Chapter Text
The job is mostly a charity case, and Juno knows it. The message he received a couple days back, attached to a set of coordinates, didn’t mince words:
A contact of mine in Arcadia Planitia just stopped responding to me. Jasper Jackson had a case of Uranian diamonds with my name on it, and if you’re in the neighborhood with nothing else to do I’d appreciate if you’d check in with him for me. I owe you one.
Love from your old buddy.
Buddy could easily send Jacket to intimidate her contact. She could easily intimidate him herself. But she must have known that Juno was in a cheap motel in the seedy side of Arcadia Planitia, bored out of his skull and itching to feel useful. Juno isn’t sure exactly how she figured out his location, but it probably wasn’t hard. Buddy and Vespa are master criminals with their ears to the ground, and Juno isn’t exactly unknown nowadays. Infamy is inevitable when you’re the one who shot the mayor of Hyperion City.
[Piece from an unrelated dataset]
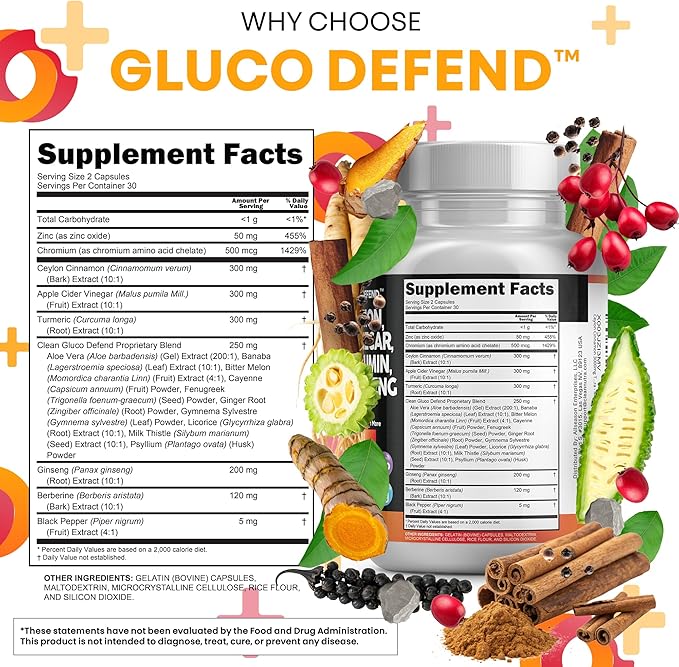 Clean Nutraceuticals Ceylon Cinnamon Capsules + Berberine Turmeric Apple Cider Vinegar Ginseng Bitter Melon Gymnema Milk Thistle Fenugreek Supplement (60 Count (Pack of 2))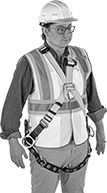Image of ProductInUse. Front orientation. Fall-Arrest Harnesses. Fall-Arrest Harnesses for Climbing and Positioning, Style B.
After calling Buddy up and getting the details of the case, Juno takes the creaky sky train across town until he gets to the address: an abandoned holo-movie complex, next door to an abandoned mall and across from an abandoned pizza joint. The ticket windows out front of the movie theater are smashed, the awning is stained and peeling, and the faded facade is layered with graffiti, each tag a silent proclamation: I was here. But there’s nobody here now. Public records say this area closed down years ago, when Arcadia Planitia started losing money fast enough that anyone with the money to see holo-movies moved away, like rats leaving a doomed space hauler. Buddy says this is where Jasper Jackson, jewel smuggler, hides out when he visits Mars.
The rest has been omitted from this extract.